* [WHAT YOU ARE ASKED TO DO]:
Each line from the top of the listing down to and including the line with "You can see" must be duplicated exactly; pictures are to be skipped.

* [LISTED RECORDS]:

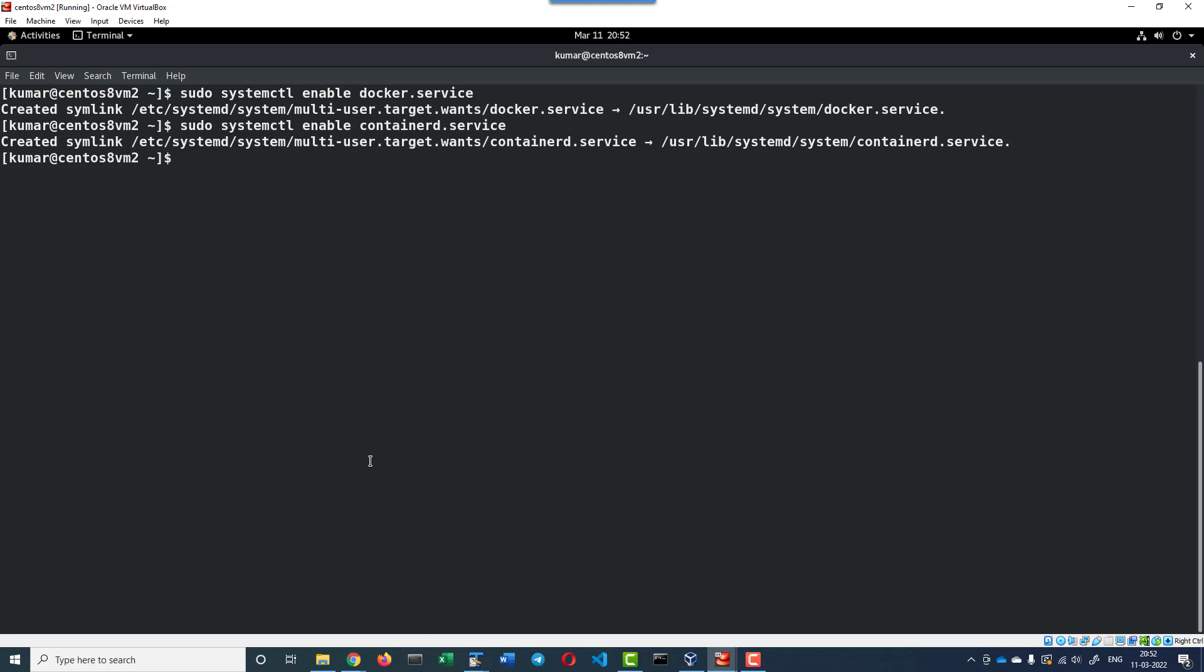Now if I restart the operating system, automatically the service will get started.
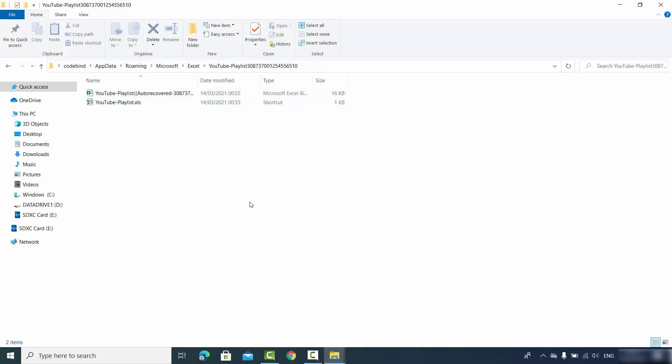So those are the few different ways in which you can recover your lost or unsaved Excel file. I hope you've enjoyed this video and I'll see you in the next one.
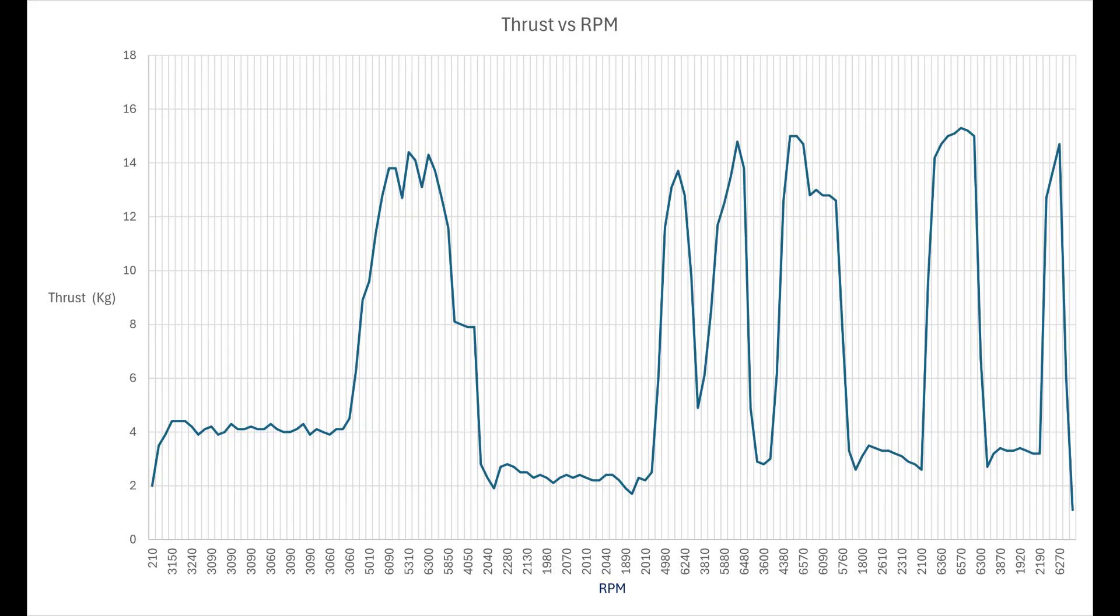You can see on the thrust versus RPM graph I've created that I've warmed it up at about 3000 RPM, then I've revved it out to about 6000 RPM and delivered about 15 kilos of thrust.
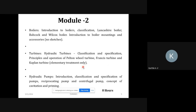So we'll discuss the Module 2 syllabus. In Module 2 there are 3 concepts: boilers, turbines, and hydraulic pumps. A boiler is a metallic vessel used to produce steam. In your syllabus there are two types of boiler: Babcock and Wilcox boiler and Lancashire boiler. Classification of boiler and boiler mountings and accessories are also in the syllabus.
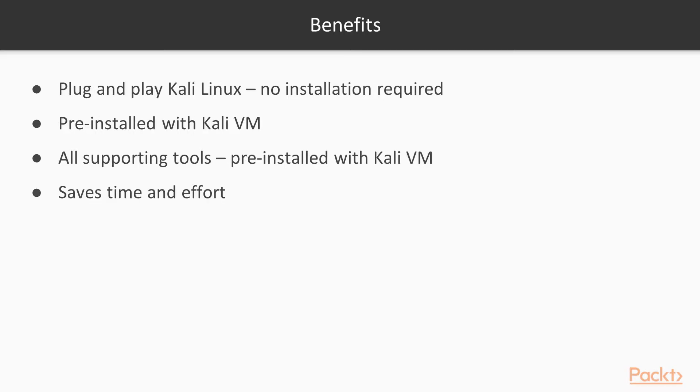Here are some of the benefits of using the Kali Linux virtual machine: Plug and play Kali Linux, no installation required. Metasploit comes pre-installed with the Kali VM. All the supporting tools also come pre-installed with the Kali VM.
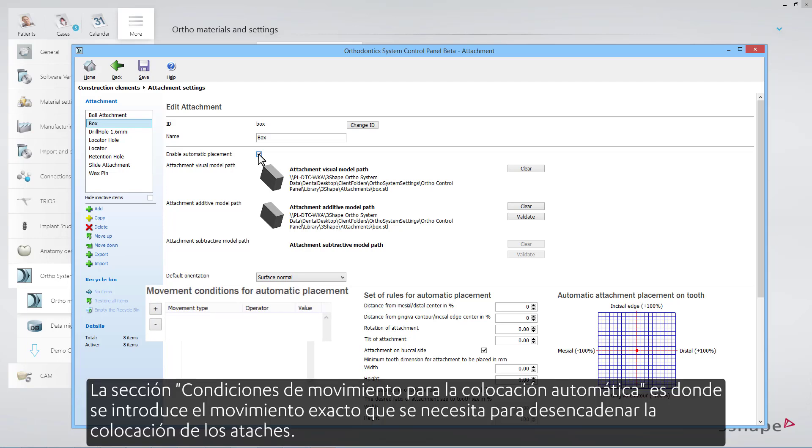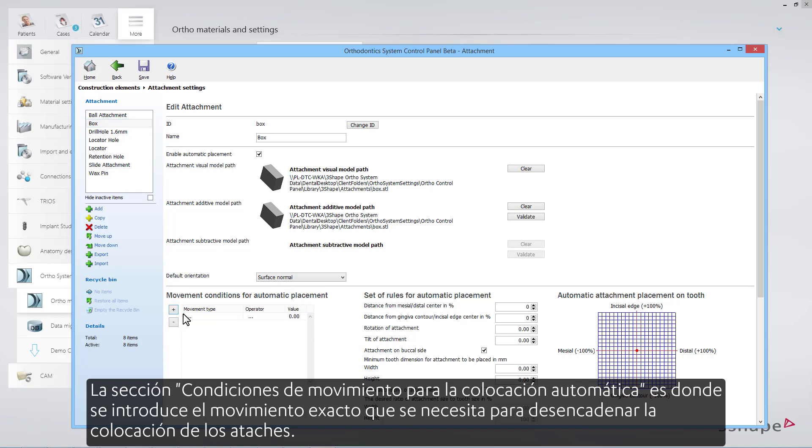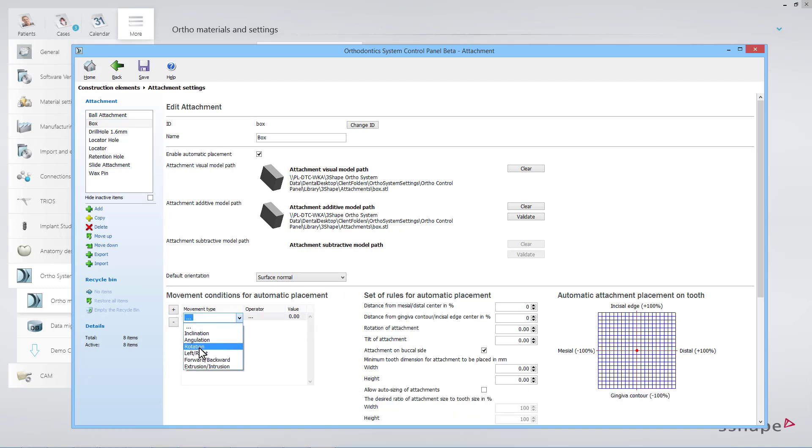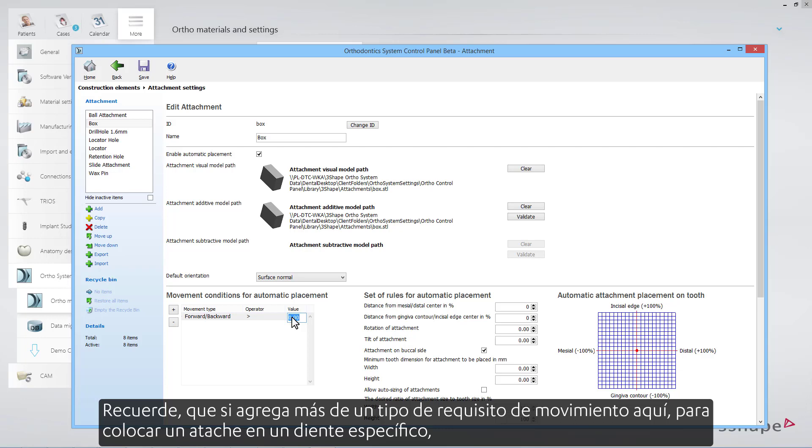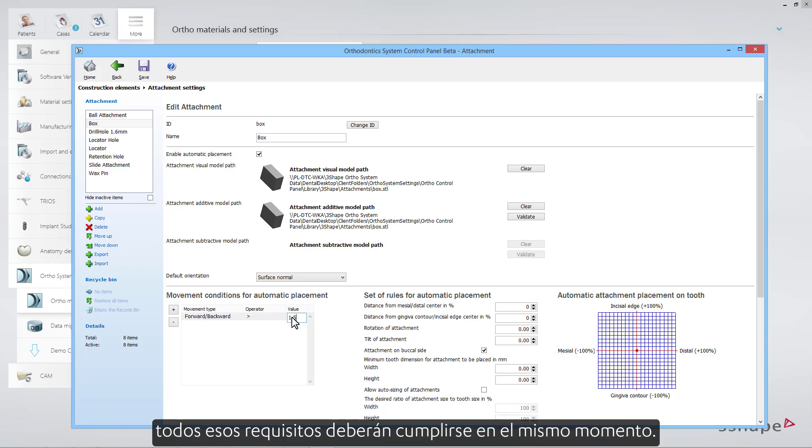The Movement Conditions for Automatic Placement section is where you enter which exact movement is needed to trigger the attachment placement. Please remember, if you add more than one type of movement requirement here, then in order to put an attachment on a specific tooth, all those requirements will have to be fulfilled in the same moment.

* [EXERCISE SOLUTION]:
Now if I restart the operating system, automatically the service will get started.
So those are the few different ways in which you can recover your lost or unsaved Excel file. I hope you've enjoyed this video and I'll see you in the next one.
You can see on the thrust versus RPM graph I've created that I've warmed it up at about 3000 RPM, then I've revved it out to about 6000 RPM and delivered about 15 kilos of thrust.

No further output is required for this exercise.